**Your instructions:** Transcribe nothing but the lines from the one with "Knobil au Petit" to the end of the entries, both included, keeping each exact and leaving every picture out.

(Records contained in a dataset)
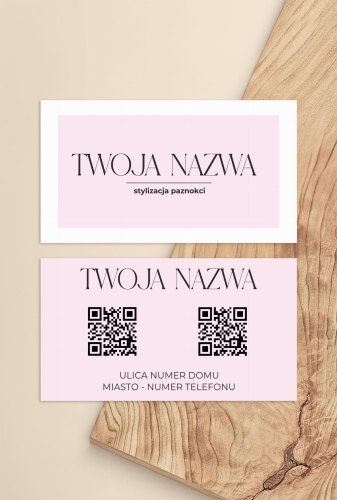 wizytówki beauty, wizytówki glamour, złocone wizytówki, wizytówki soft touch, eleganckie wizytówki kosmetyczne, wizytówki dla salonu kosmetycznego, projekt wizytówki beauty, indywidualny projekt wizytówek, wizytówki premium
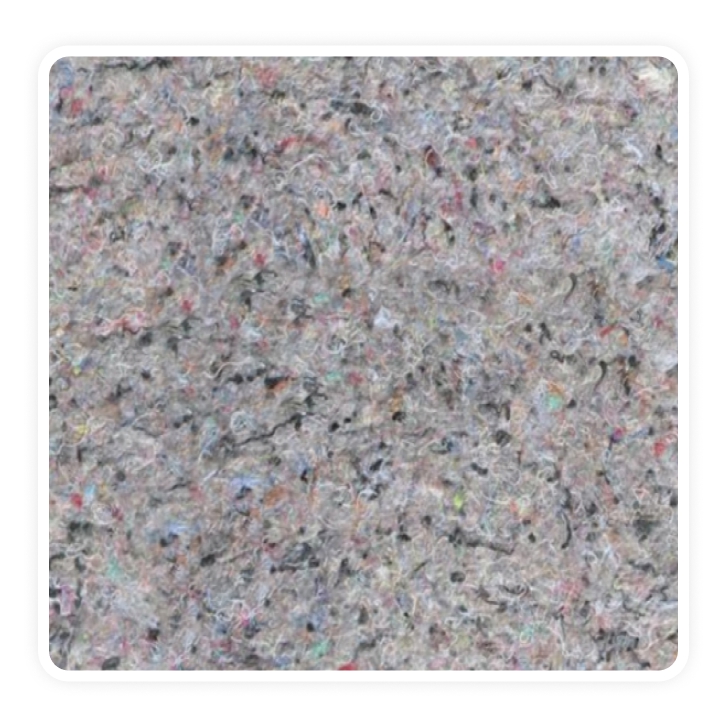 Хлопковый войлок.jpg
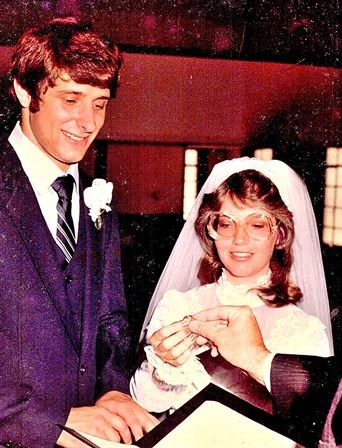 Jenean Van Benthuysen - Photo 58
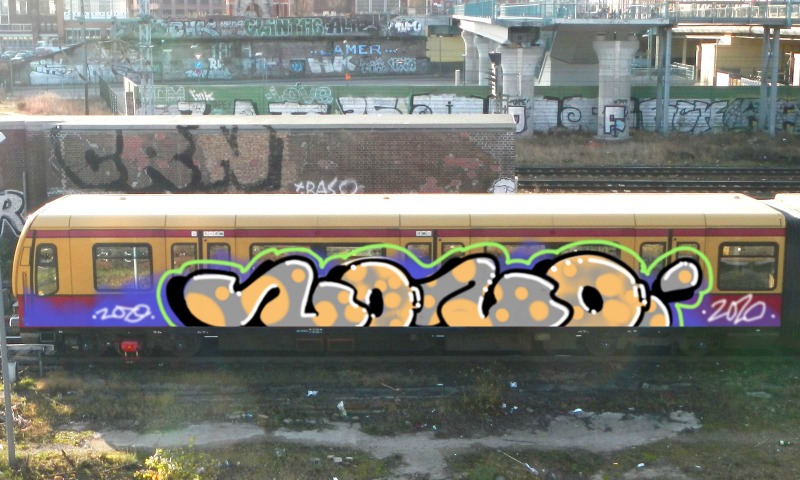 Bombing 1577825095985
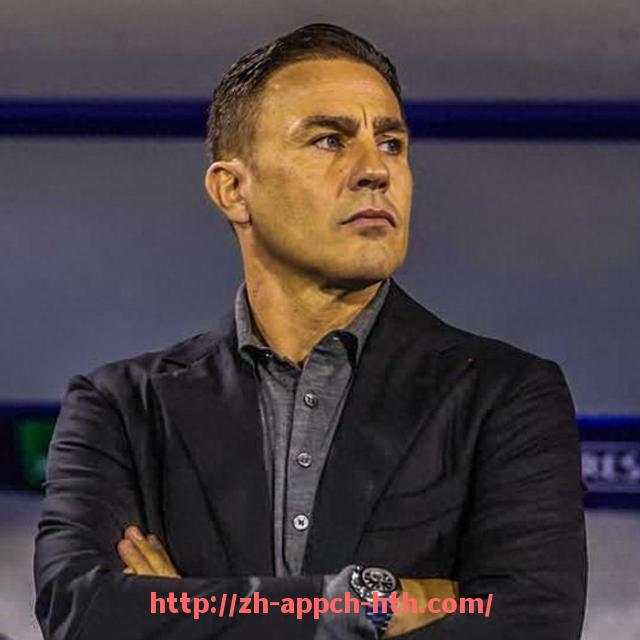 HTH华体会APP下载-西甲球员转会英超案例及适应表现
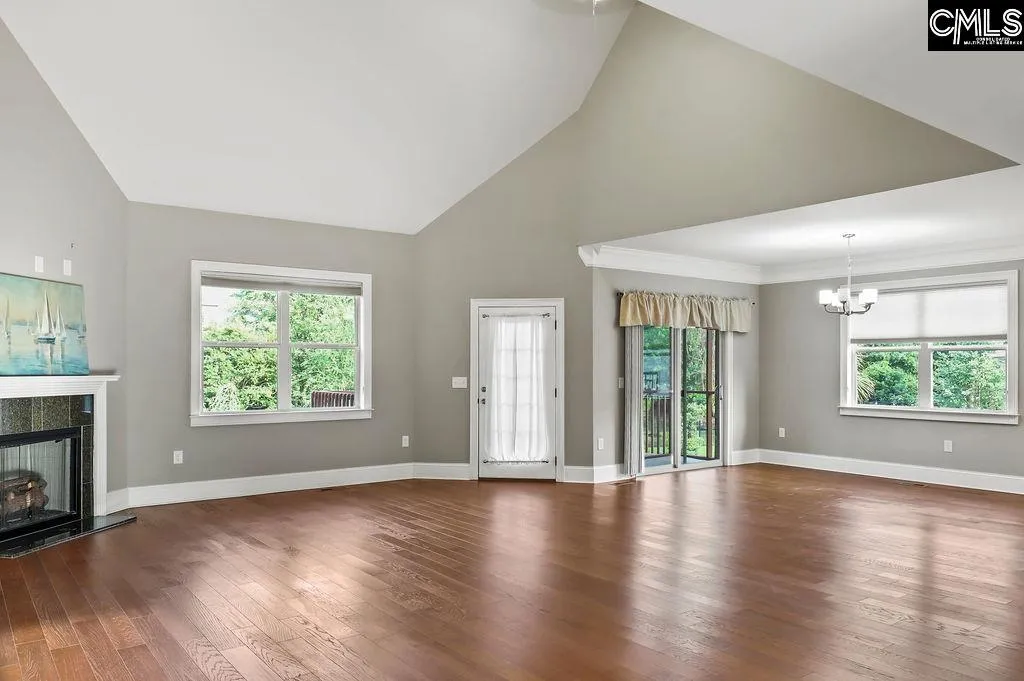 Property image 3 at 312 Holly Key Lane, Chapin, SC 29036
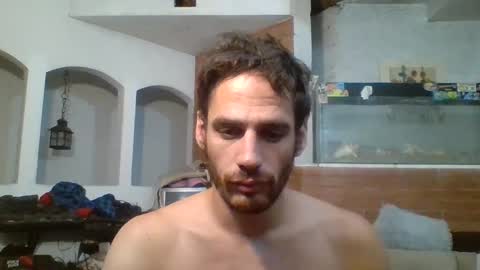 Snapshot of stevenson988 chatting on 13, 2, 2025 stevenson988 online show from 13, 2, 2025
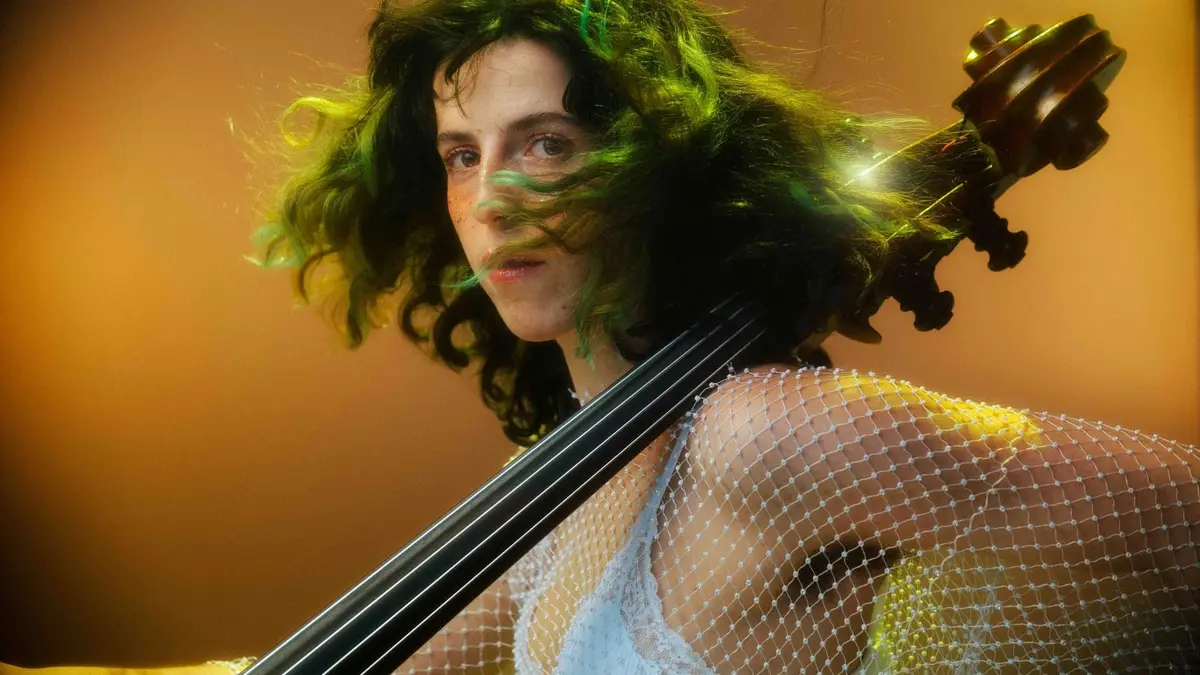 Knobil au Petit Faucheux : jazz décalé et chansons françaises à Tours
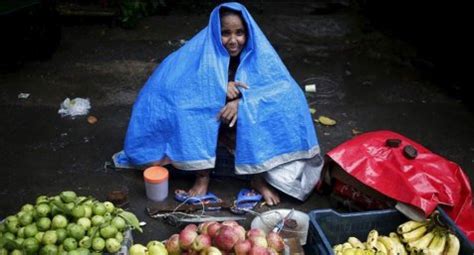 Monsoon Forecasts, Droughts And Hysteria - BW Businessworld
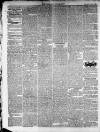 Tiverton Gazette (Mid-Devon Gazette) Tuesday 19 October 1858 Page 4
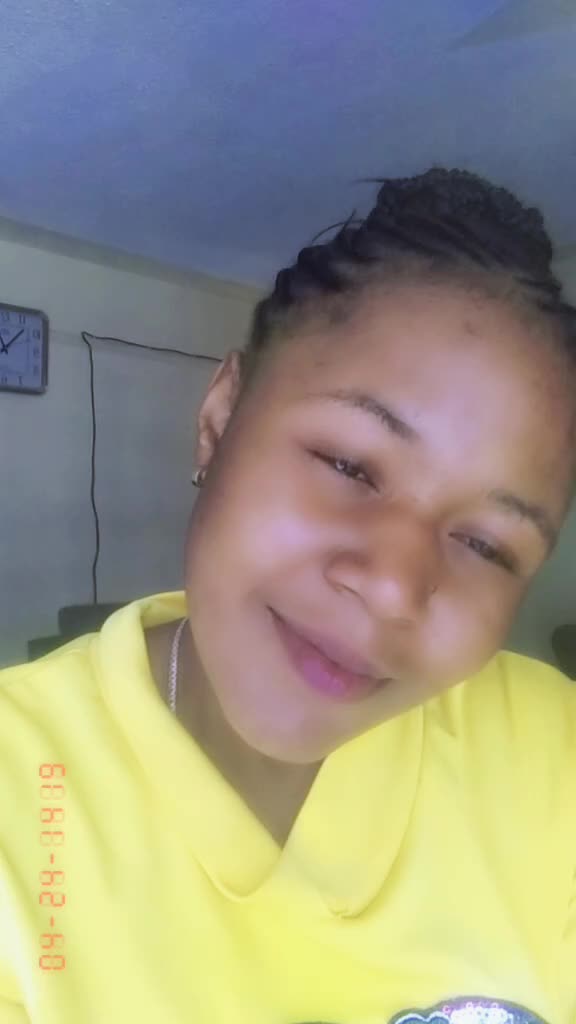 @fahyvanny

**Completed task:**
 Knobil au Petit Faucheux : jazz décalé et chansons françaises à Tours
 Monsoon Forecasts, Droughts And Hysteria - BW Businessworld
 Tiverton Gazette (Mid-Devon Gazette) Tuesday 19 October 1858 Page 4
 @fahyvanny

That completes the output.